En France, le Laboratoire de Mécanique des Fluides de l’École Centrale de Nantes et le département mécatronique de l'École Normale Supérieure de Cachan misent sur le mouvement pendulaire. Le dispositif baptisé Searev (Système Autonome Électrique de Récupération de l’Énergie des Vagues) se présente sous la forme d'un petit sous-marin au sein duquel se trouve un système de poids qui va osciller avec la houle, remplissant puis vidant alternativement des pompes hydrauliques, ce qui a pour effet de charger des accumulateurs à haute pression et d’entraîner des générateurs d’électricité. Déjà testé en laboratoire, un exemplaire du Searev va être mis en service à une dizaine de kilomètres des côtes françaises pour une deuxième phase de tests début 2009.

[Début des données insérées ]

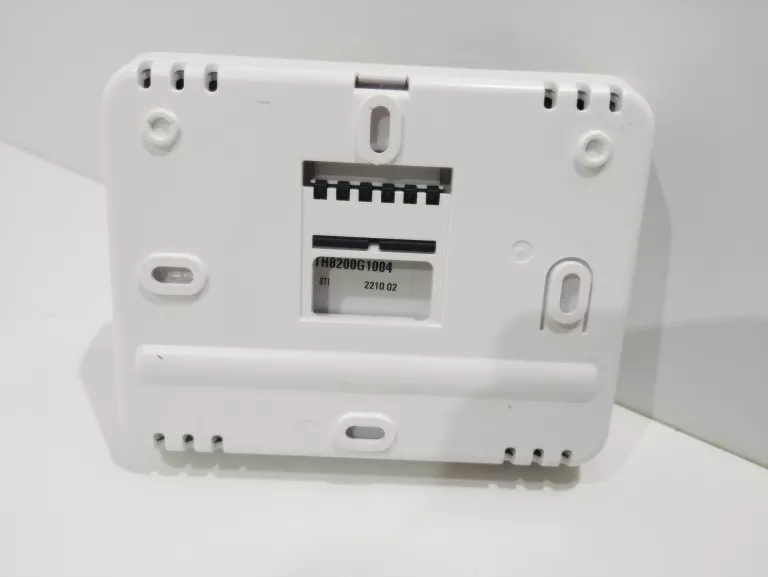 STEROWNIK HONEYWELL TH8200G1004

[Photo : Le houlogénérateur Wave Dragon est flottant et amarré, sa hauteur de flottaison est ajustable en fonction des caractéristiques de la houle. Ses dimensions sont impressionnantes : 300 m de distance entre les extrémités de ses bras, 170 m de longueur et 17 m de hauteur dont 3 à 6 m au-dessus du niveau de la mer. La masse totale est de 33 000 tonnes.]
[Photo : Pelamis se présente sous la forme d'un long serpent articulé en acier à l’intérieur duquel se trouve, à chaque articulation, un système de ressorts que l’énergie houlomotrice comprime et qui font fonctionner ensuite, en se détendant, un moteur hydraulique, lequel entraîne un alternateur.]